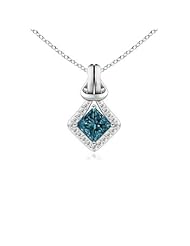 Princess Blue and White Diamond Accent Love Knot Pendant
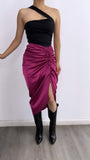 Capri Satin Midi Skirt- Magenta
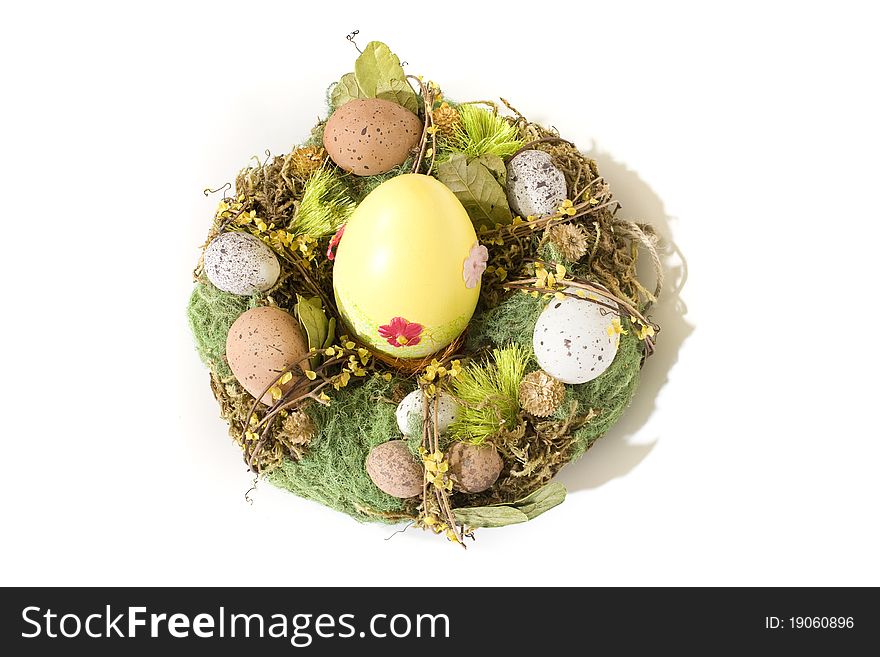 Garland of eggs and decorate with greenery. Garland of eggs and decorate with greenery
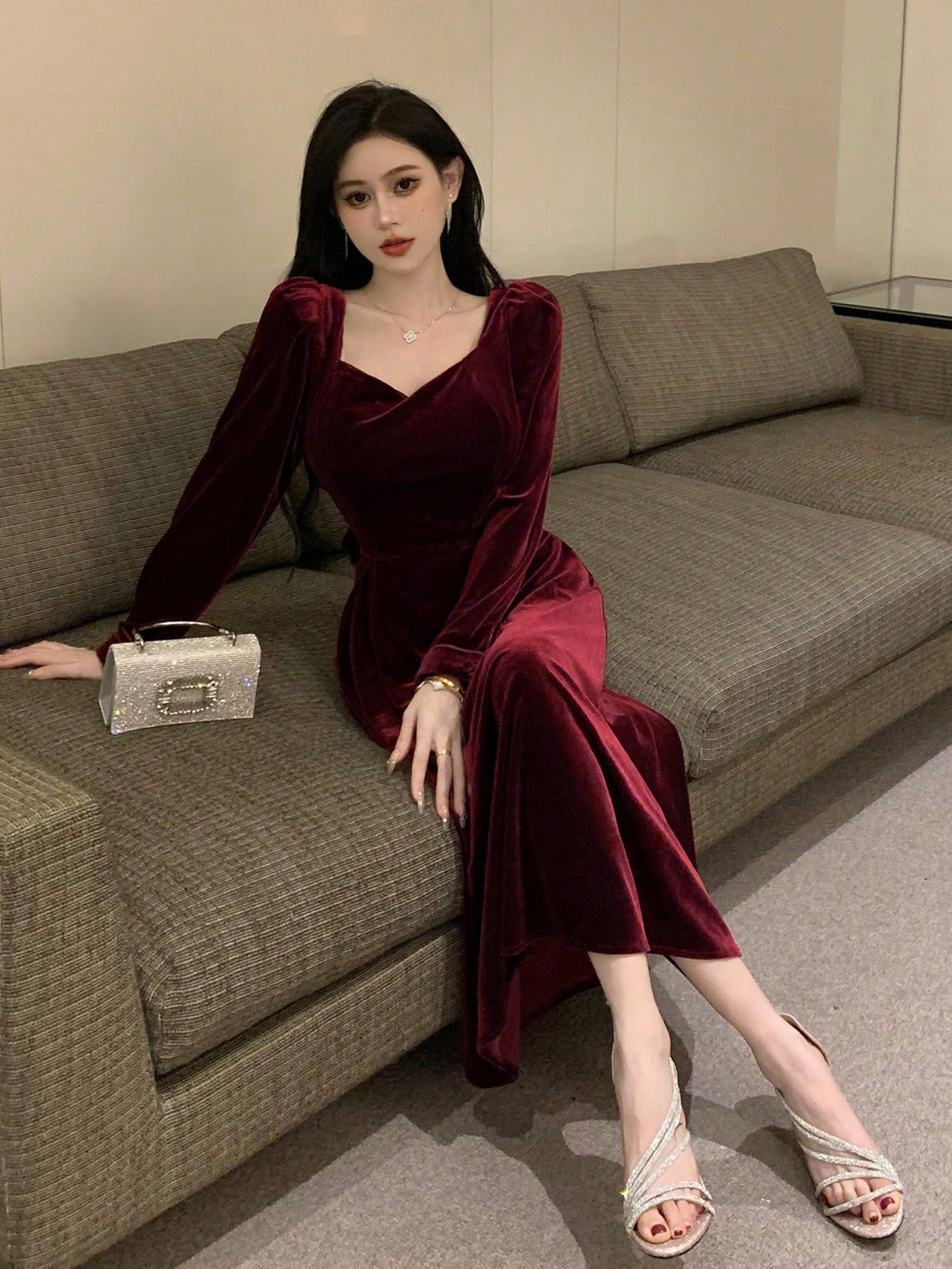 DAZY Women'S Sweetheart Neckline Long Sleeve Dress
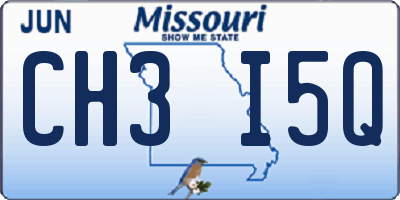 MO license plate CH3I5Q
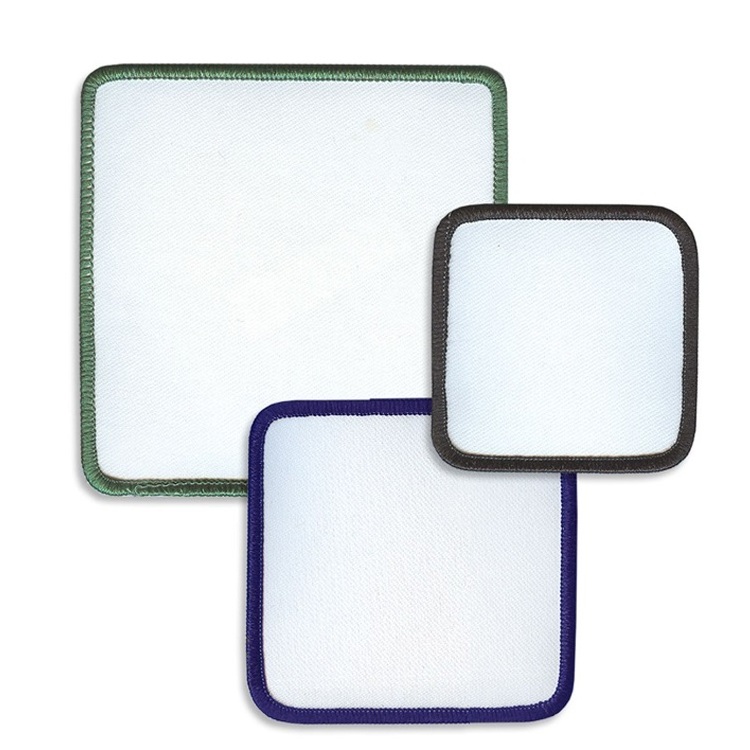 Low MOQ merrow border custom blank patches for sublimation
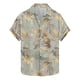 thumbnail image 1 of Camisas de Manga Corta de los Hombres Casual Hoja Impresión Solapa Superior, Mezcla de Poliéster/Spandex de la Moda para la Fiesta Y la Playa, 1 of 5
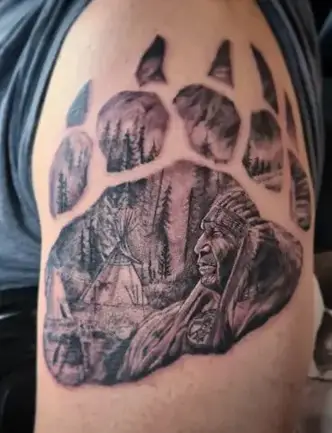 native american bear paw tattoos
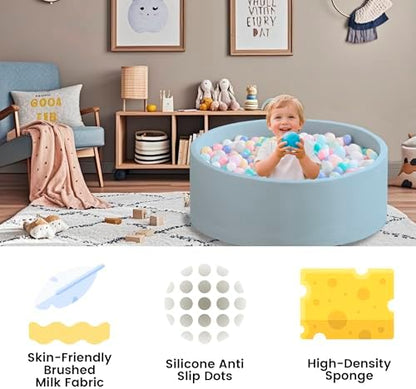 Ball Pit for Toddlers 35.43''x11.81 Baby Ball Pits Soft Memory Foam Ball Pit Round Kids Ball Pit Indoor Game Kids Play Ball Pool Ideal Gift for Girls and Boys (Lightblue, NO Balls)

◇ ◇ ◇ ◇ ◇

> _TASK PROMPT_: Give back every line of the material above word for word, leaving out the pictures.

> _SOLUTION TO THE EXERCISE_:
 Princess Blue and White Diamond Accent Love Knot Pendant
 Capri Satin Midi Skirt- Magenta
 Garland of eggs and decorate with greenery. Garland of eggs and decorate with greenery
 DAZY Women'S Sweetheart Neckline Long Sleeve Dress
 MO license plate CH3I5Q
 Low MOQ merrow border custom blank patches for sublimation
 thumbnail image 1 of Camisas de Manga Corta de los Hombres Casual Hoja Impresión Solapa Superior, Mezcla de Poliéster/Spandex de la Moda para la Fiesta Y la Playa, 1 of 5
 native american bear paw tattoos
 Ball Pit for Toddlers 35.43''x11.81 Baby Ball Pits Soft Memory Foam Ball Pit Round Kids Ball Pit Indoor Game Kids Play Ball Pool Ideal Gift for Girls and Boys (Lightblue, NO Balls)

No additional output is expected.